【モンゴル】東部ドルノド県から (2009.12.15)
皆さま、セーブ・ザ・チルドレン(SC)をいつもご支援頂きどうもありがとうございます。国内でモンゴル事業を担当している上田雅子です。去る11月21日から2週間、モンゴルの事業地に出張してきました。そのご報告を兼ねて、今回、モンゴルでSC唯一のフィールド事務所があるドルノド県における活動を紹介させて頂きます。

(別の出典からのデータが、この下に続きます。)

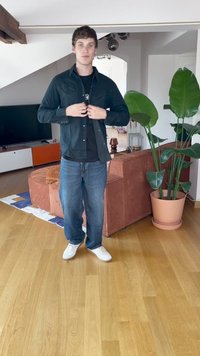 Juoda švarka už juodo marškinėlio, derinama su mėlynomis džinsomis ir baltomis sportbačiais. Fone yra augalas ir oranžinė sofa.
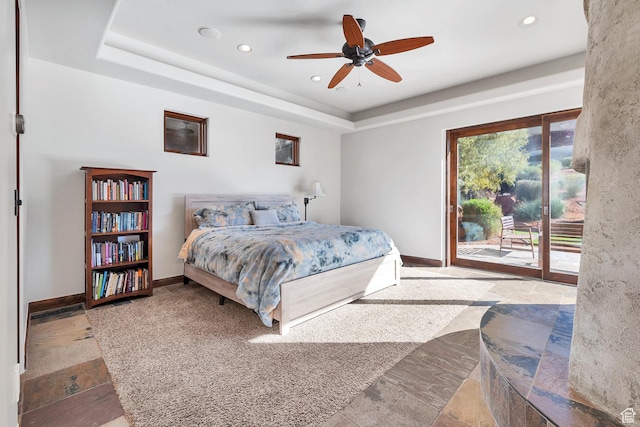 2336 W Entrada Trl Unit 44, St George, UT 84770 - bedroom with access to exterior, baseboards, recessed lighting, stone tile flooring, and a tray ceiling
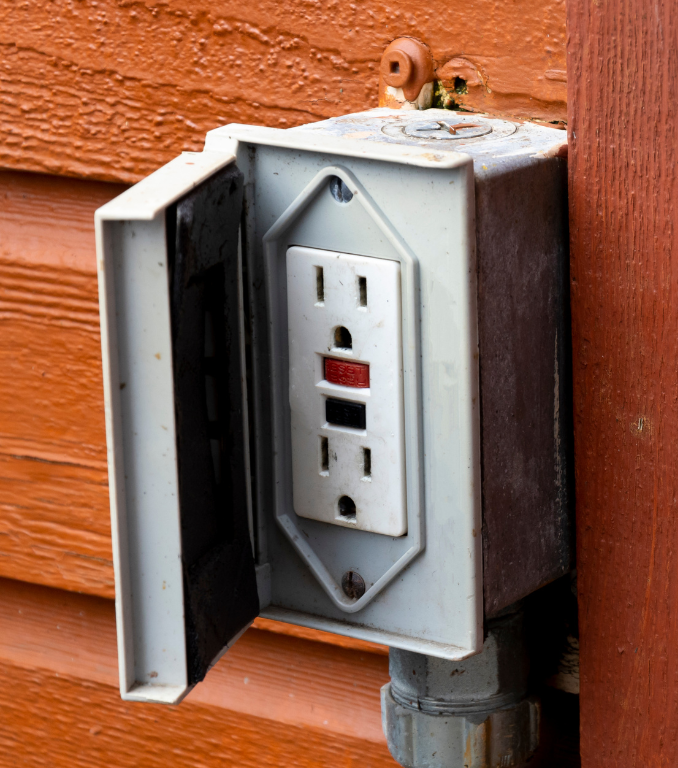 Outdoor electrical outlet with a weather-resistant cover. Red and black buttons on the outlet.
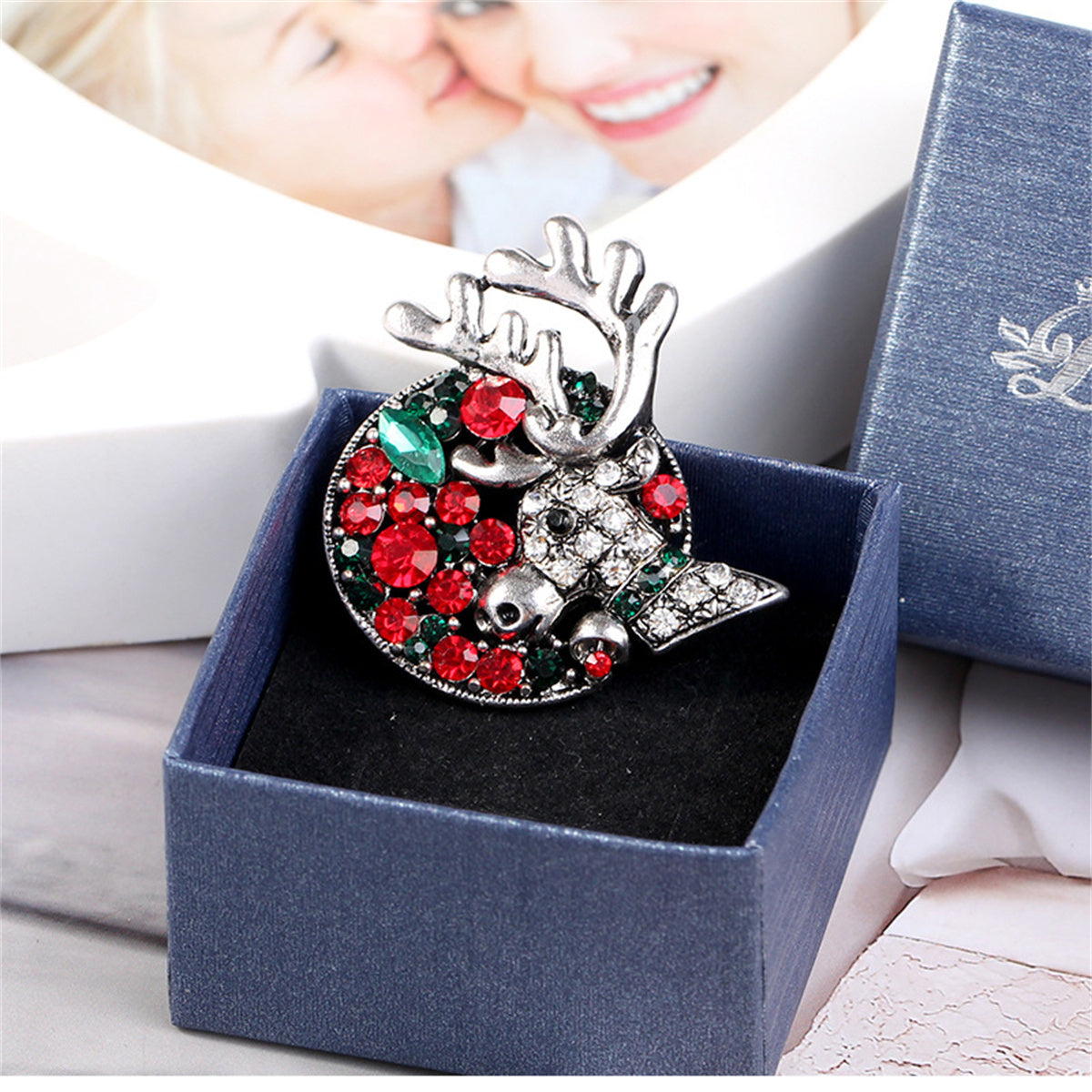 Green Crystal and Cubic Zirconia Silver-Plated Reindeer Brooch, silver brooch pin, vintage-inspired design, side view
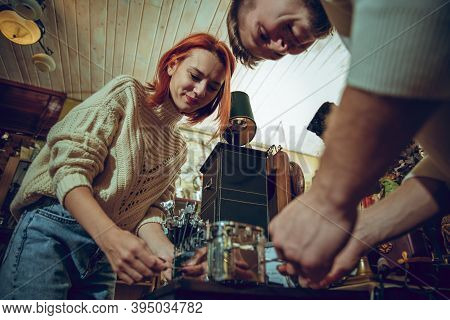Game. Smiling Family, Caucasian Couple Looking For Home Decoration And Holidays Gifts In Household S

*首都ウランバートル市にはモンゴル事務所本部があり、フィールド事務所とは区別して呼んでいます。
<東の中心地 ドルノド県>
ドルノド県はモンゴル東部にある県で、首都ウランバートル市から615km程離れています。社会主義時代には国営工場が幾つも立ち並び人々の雇用は安定していましたが、90年代初頭の社会主義崩壊・市場経済化以降、ほとんどの国営工場が閉鎖され、深刻な失業・貧困が慢性化しています。ロシア・中国と国境を接し、社会主義時代は特にロシアとの結びつきが強く、ロシア人も多く住んでいました。現在でも、その名残が県都チョイバルサンのあちこちで見られます。
(左)県都チョイバルサンの街中:ロシアの民芸品マトリョーシカを模したモニュメントが立つ。
(右)県都郊外に残るレーニン像。
<ドルノド県での活動を担う現地スタッフ>
SCは、ドルノド県に同国唯一のフィールド事務所を構え、教育分野・子ども保護分野で事業活動を行っています。教育分野の代表的な事業は、「子どもの権利実現のための暴力のない公平な教育環境推進事業」です。活動の詳細はこちらをご覧ください。子ども保護分野では、県都チョイバルサンのヘルリン村で「子ども保護センター」を運営しています。ここは、特に貧困度の高い家族が暮らす地域で、センターでは、貧困家庭の子どもたちに対する生活支援・生活指導のほか、家庭内暴力・育児放棄のリスクの高い子どもたちに対するカウンセリング、その保護者に対する育児指導など包括的な活動を行っています。
(左上)SCドルノドフィールド事務所スタッフ。
(右上)SCがサポートする学校の子どもたち。
(下)SC子ども保護センターの外観とセンターに通う子どもたち。
<県都から100km以上離れた村レベルでの活動>
SCは、チョイバルサンに限らず、県都から100km以上離れた村(「ソム」と呼ばれています)レベルでも活動を行っています。今回は、村レベルの活動地の一つであるツァガン・オヴ村の学校を訪ね、事業のモニタリングを行ってきました。
ツァガン・オヴ村の様子
ツァガン・オヴ村は県都から片道2時間以上も離れていますが、ドルノド事務所のスタッフは頻繁に訪れて活動を担っています。今回のモニタリングでは、ツァガン・オヴ学校の校長と先生と面談し、事業で実施した各種研修の効果・フィードバックを聞き取りました。「研修での学びを実践している」、「次の『体罰のない指導法研修』が待ち遠しい」など校長・先生から事業への満足度・強い期待が次々に口にされ、スタッフの熱心な活動・頻繁な訪問が、学校関係者のSCへの信頼を高め、事業への強い期待・協力姿勢に表れていることを実感しました。
(左)学校長からの聞き取り (右)先生からの聞き取り
<困難な土地だからこそ>
ドルノド県は首都ウランバートル市から遠く、冬期は国内フライトもしばしばキャンセルされるなど、活動が困難な土地だと言えます。実際、今回の出張でも帰国便がキャンセルされ、片道10時間かけて車でウランバートルへ戻ってきました。しかし、アクセスが困難な土地だからこそ、子どもに対する暴力といった子どもの権利侵害問題も対処が進まず、だからこそ、この土地で活動を継続する意義があると考えています。
(左)ヘルリン村:水を運ぶ少年。
(右)サッカーをして遊ぶ少年たち。外の気温は氷点下。
冬期はマイナス45度まで達することもある極寒の土地ですが、SCのスタッフは今日も活動に精を出しています。皆さまの継続的なご支援・ご声援、どうぞよろしくお願い申し上げます。